Here's part of the article:



Hunt and kill terrorists, says ex-diplomat

Australia should be willing to track down and assassinate key individuals involved in regional terrorist networks, a former top-ranking diplomat has said.

Duncan Campbell, a former Australian ambassador to Rome and Vienna and once a deputy head of the Department of Foreign Affairs, says targeting and eliminating known terrorists is more efficient and costs fewer lives than waging conventional war.

A policy of state-sponsored assassinations might be more morally justified than taking part in poorly thought-through military actions in Iraq and Afghanistan, which inevitably inflict casualties on innocents, he argues. Mr Campbell told the Herald that someone like Abu Bakar Bashir, said to be the spiritual head of Jemaah Islamiah, could present a legitimate target for a state-sanctioned but "deniable" poisoning attempt.

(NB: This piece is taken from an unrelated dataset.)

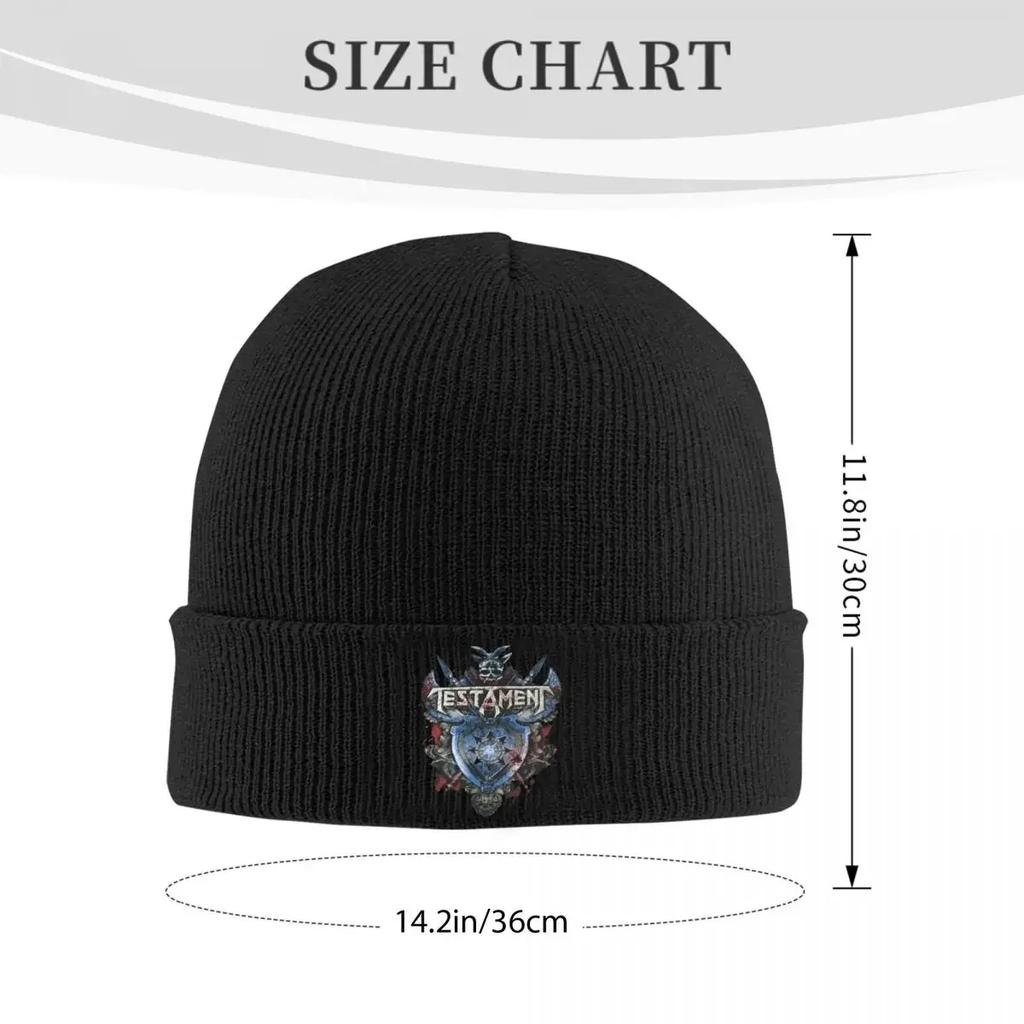 Testament Band Rock Knitted Hat Beanie Autumn Winter Hat Warm Street Thrash Metal Rock Caps for Men Women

"Can you imagine how easy it ought to be in a prison such as the one Bashir is in, to persuade someone for a lump of money to doctor his rice? That wouldn't involve Australian hands at all, except perhaps the passing by someone to someone of a little lump of chemicals of some sort. "

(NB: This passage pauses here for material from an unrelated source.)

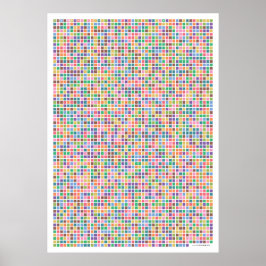Poster Pi art - Pi à casa decimal 3.141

Mr Campbell spells out the reasoning for his controversial proposal in a collection of essays, A Fair Go in an Age of Terror, published this month by the Jesuit Social Justice Centre, UNIYA. The essays flow from a series of seminars the centre ran wrestling with Britain for blundering into the Iraq war without a clear game plan, Mr Campbell argues that a Western democracy like the US sets up far more exhaustive legal processes for executing a single criminal than it does for going to war.


smh.com.au...

Abu Bakar Bashir, a Jakarta based Muslim Cleric, is widely believed to have ordered various terorist attacks, including the Bombing in Bali which took 202 lives, including 88 Australian lives.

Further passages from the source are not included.